> **Problem description**
Write out the line with "Organisateur Valise PackNest" and every later line through the end of the data below, exactly as given, with no pictures in the copy.

──────── Material shown

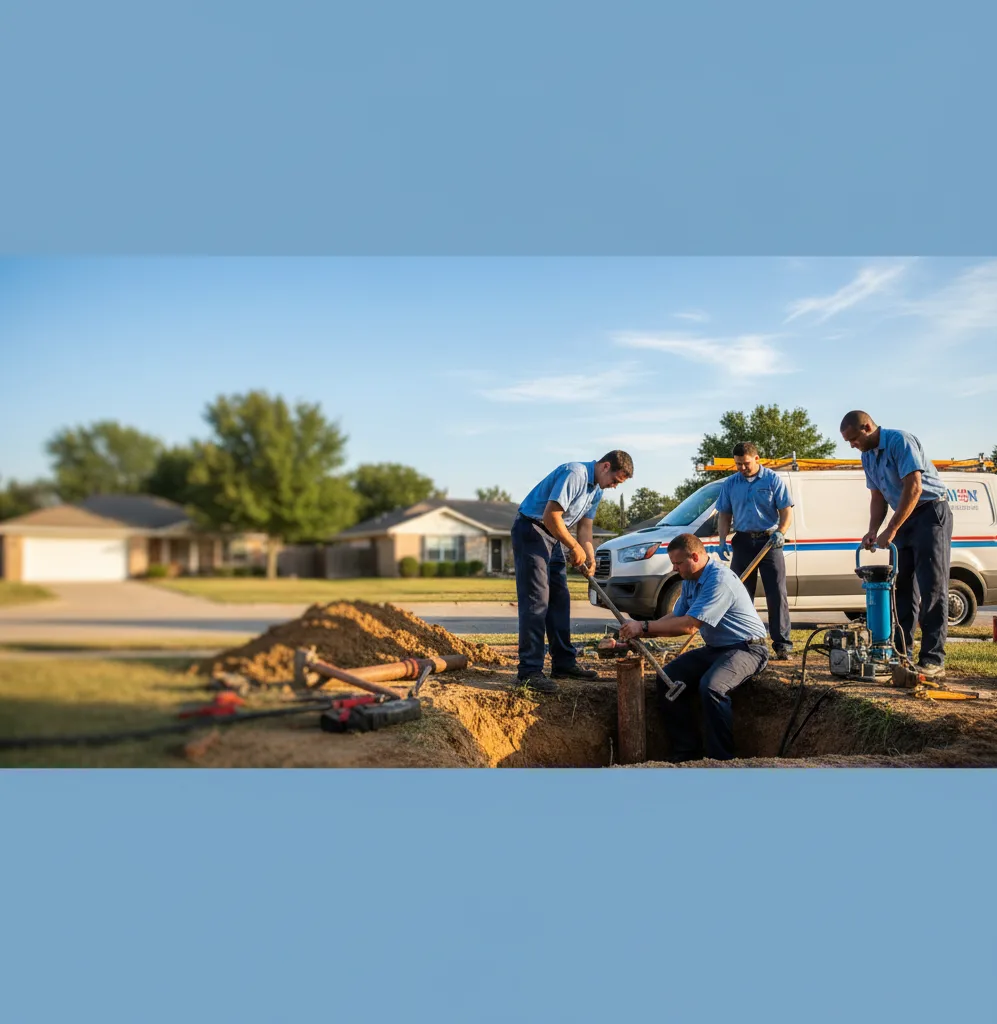Water Heater Repair & Plumber in Shelburne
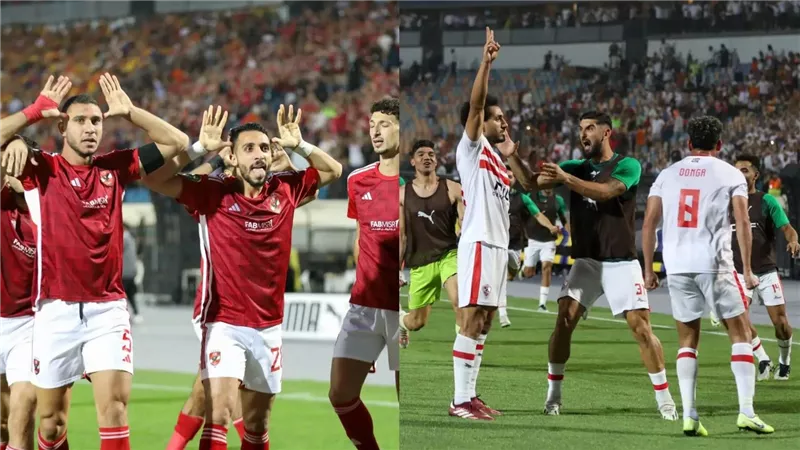 التفاصيل الكاملة لصفقات الأهلي والزمالك.. من سيحقق الفوز في السوبر الأفريقي؟ | فيديو 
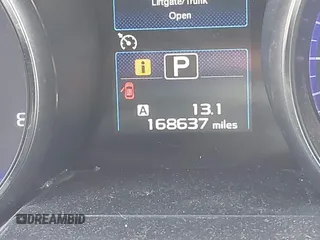 2015 Subaru Outback Limited with VIN 4S4BSBLC6F3345914, listed as a IAAI auction lot 42473323 with 168,637 mi miles and . Bid and sale history available at DreamBid. Image 15.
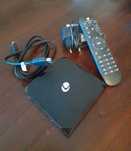Android TV Box  Leotec (como nova)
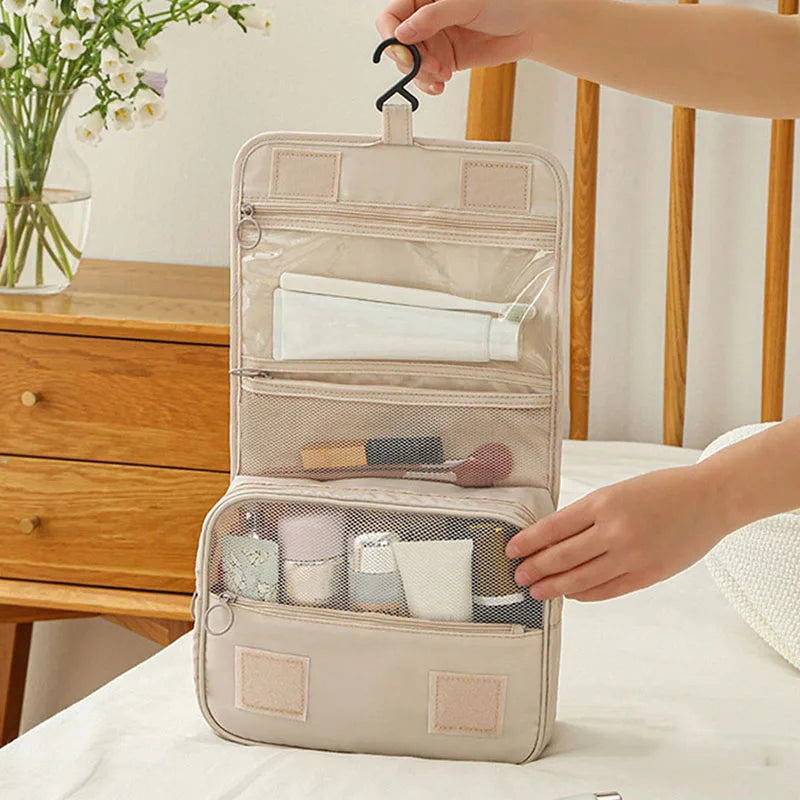 Organisateur Valise PackNest Pro – Set de Rangement Voyage 9 à 11 Pièces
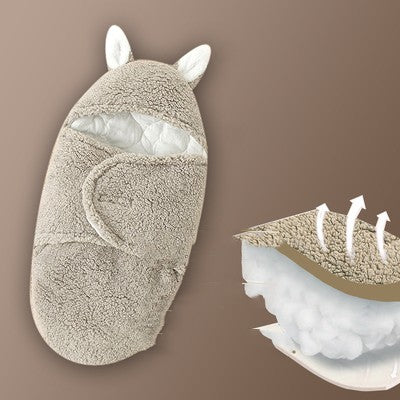 Baby Swaddle Sleeping Bag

────────────────

> **Result for this task**
 Organisateur Valise PackNest Pro – Set de Rangement Voyage 9 à 11 Pièces
 Baby Swaddle Sleeping Bag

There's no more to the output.